These are the key concepts you need to understand to accurately answer the question.

Horizontal Motion
When a projectile, like the ball in this exercise, is thrown with an initial horizontal speed, it moves parallel to the ground without any acceleration in that direction. This occurs because, barring air resistance, there are no forces acting in the horizontal plane once it has been launched. In this situation, the horizontal velocity of the ball remains constant. Hence, for our ball:
  • Initial horizontal speed: 8.5 m/s
  • Horizontal speed remains the same throughout the motion
This constant speed results in the ball covering ground steadily over time, and it factors into predicting how far the ball will cast a shadow on the ground before landing.
Time of Flight
The time of flight is how long the ball stays in the air before hitting the ground. In projectile motion, only the vertical component affects this time, as the ball's horizontal velocity has no impact on how long it takes to fall. To find the time of flight:- We used the formula \[t = \sqrt{\frac{2h}{g}}\]
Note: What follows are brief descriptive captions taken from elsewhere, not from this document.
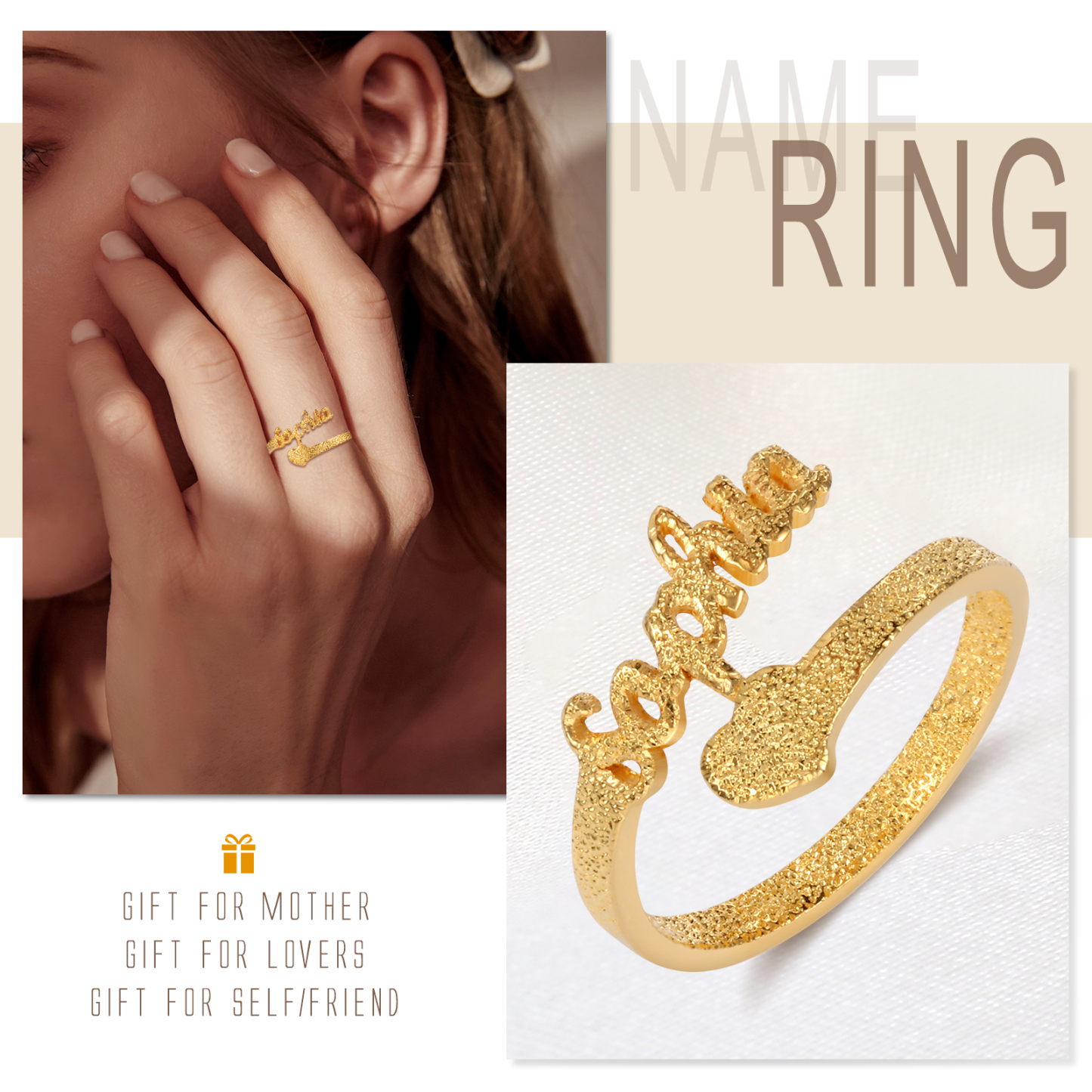 Personalised Family Name Ring Custom 1 Names Gifts For Women-Jessemade AU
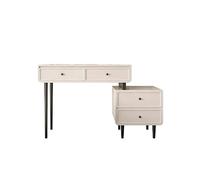 NexaGeniX Mobile trucco Tavolo da trucco minimalista nero retrò combinato con cassettiera e mobiletto in legno massello in stile americano(M)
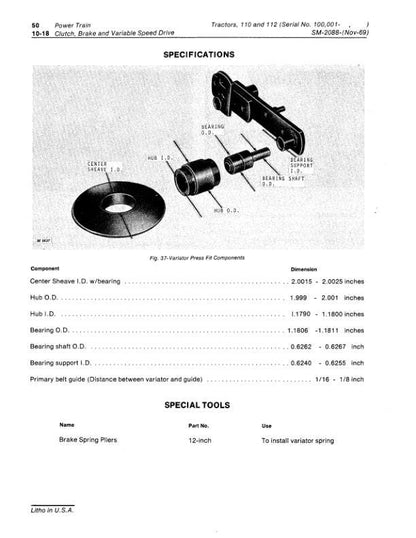 John Deere 110 112 Lawn Tractor Service Manual sample page showing schematics and diagrams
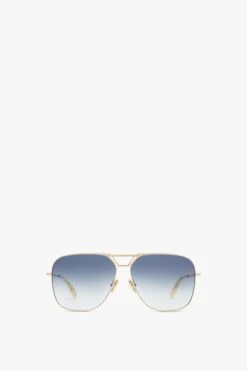 Victoria Beckham Classic V Metal Navigator Sunglasses In Gold Blue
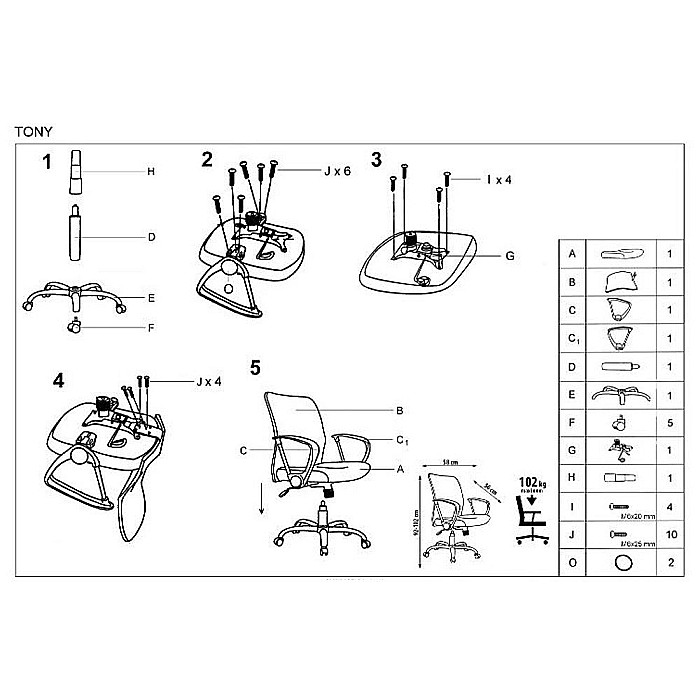 Scaun de birou HM Tony, Mesh, Ergonomic, Inaltime ajustabila, Roti pivotante, 102 Kg, Gri [4]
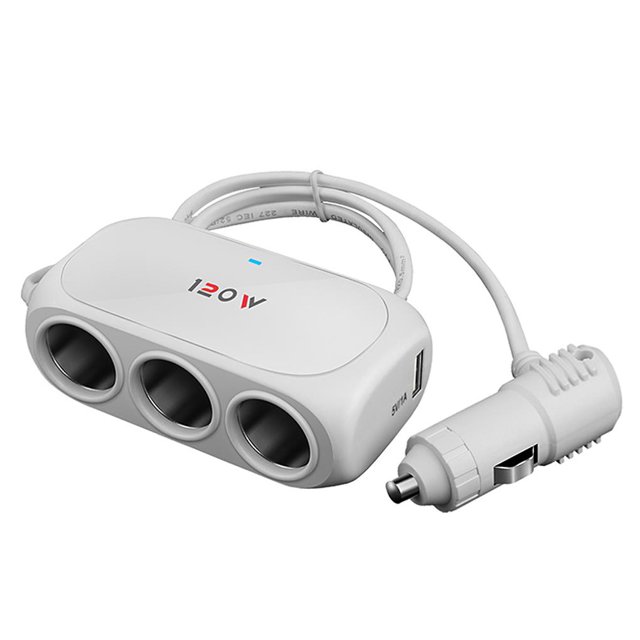 Adaptador De Encendedor De Cigarrillos De 120W Cc 12/24V Con Usb Dual 2.1A/1A 3 Puertos De Encendedor De Cigarrillos Cargador De Coche Divisor De Energía Para Automóvil Camión Advancent VI009251-02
  • where \( h \) is the initial height, 12 m in this case
  • \( g \) is the acceleration due to gravity, 9.81 m/s²
Using these values, the time taken for the ball to reach the ground is approximately 1.56 seconds. This is critical because it tells us how much time the dog has to reach the ball.
Vertical Motion
Vertical motion in this context advances differently from horizontal motion due to gravity's influence. The ball is initially at rest in the vertical direction and accelerates downward. - The initial vertical velocity is 0 m/s because the ball was thrown horizontally. - Gravity acts to accelerate the ball at 9.81 m/s². This accelerating force causes the ball to drop downwards, determining how fast it can move downwards and for how long it stays airborne. At the end of this period, which we calculated as 1.56 seconds, the ball complete its fall to the ground from the 12.0 m height.
Dog's Speed Calculation
To figure out how fast the dog needs to run, the key is to relate the horizontal motion of the ball to the distance the dog must cover. We already know:- The horizontal distance the ball travels is 13.26 m.- The time to cover this distance is 1.56 seconds.Using these, the speed of the dog can be computed using the simple formula\[v_{\text{dog}} = \frac{x}{t}\]where
  • \(x\) is the horizontal distance covered
  • \(t\) is the time during which this distance is covered
Thus, substituting gives us a required speed of about 8.50 m/s. This speed is exactly how fast the dog needs to run to ensure catching the ball precisely when it lands.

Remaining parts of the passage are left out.